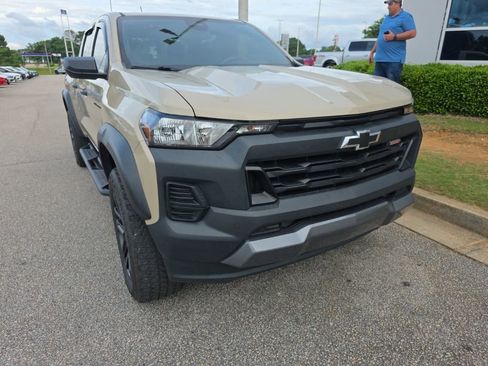 Used 2023 Chevrolet Colorado Trail Boss w/ Advanced Trailering Package AWD/4WD image 5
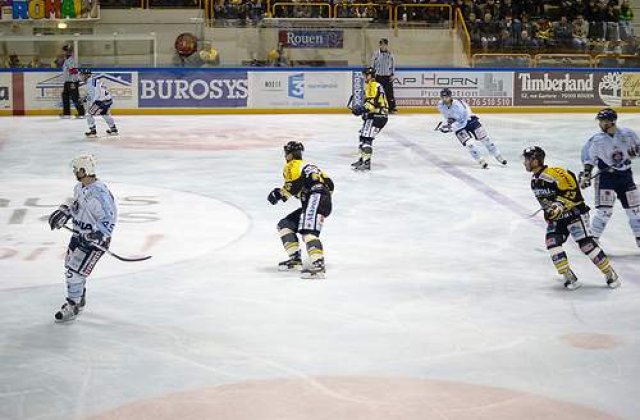 Cazul hocheistului agresat: Ce sanctiuni au fost aplicate?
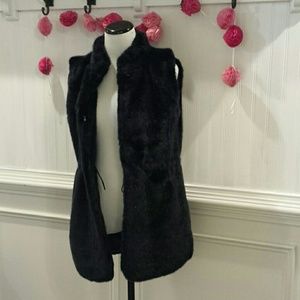 Molliolli Eco-Fur Women's Black/Navy Vest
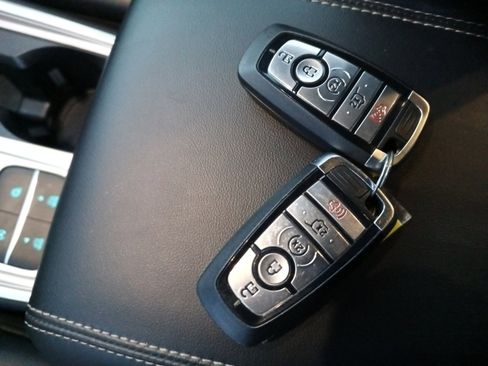 Used 2023 Ford Explorer Limited w/ Limited Technology Package image 26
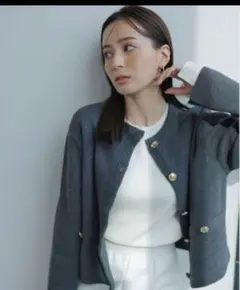 anuans オリジナルボタンノーカラーニットジャケット（クリーニング済み）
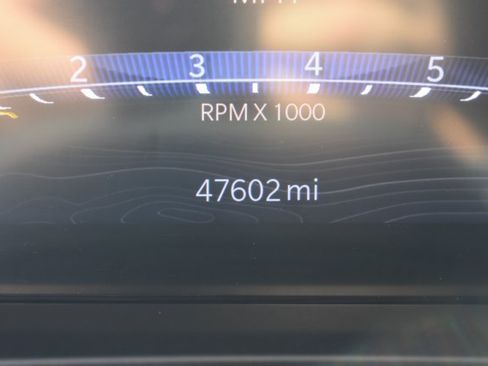 Used 2023 Jeep Grand Cherokee Laredo w/ Luxury Tech Group I RWD image 23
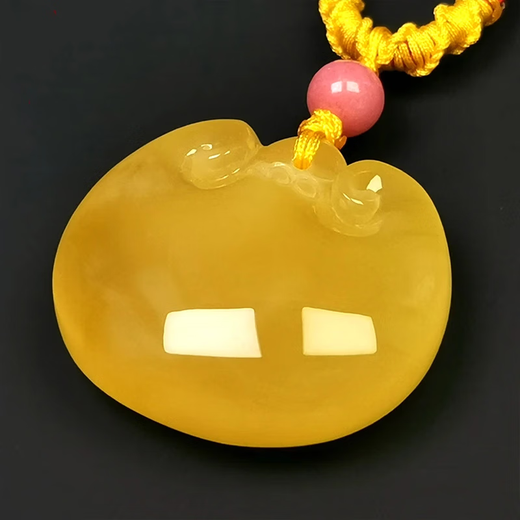 Amber School, one thing, one picture, one certificate, natural amber pendant, beeswax pendant, Ruyi lock carving, chicken oil yellow, no roasted color, pendant 6.08g, 31*27*12mm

● Your instructions
Please give back every line above exactly as it stands, without pictures.

● Written response
 Used 2023 Chevrolet Colorado Trail Boss w/ Advanced Trailering Package AWD/4WD image 5
 Cazul hocheistului agresat: Ce sanctiuni au fost aplicate?
 Molliolli Eco-Fur Women's Black/Navy Vest
 Used 2023 Ford Explorer Limited w/ Limited Technology Package image 26
 anuans オリジナルボタンノーカラーニットジャケット（クリーニング済み）
 Used 2023 Jeep Grand Cherokee Laredo w/ Luxury Tech Group I RWD image 23
 Amber School, one thing, one picture, one certificate, natural amber pendant, beeswax pendant, Ruyi lock carving, chicken oil yellow, no roasted color, pendant 6.08g, 31*27*12mm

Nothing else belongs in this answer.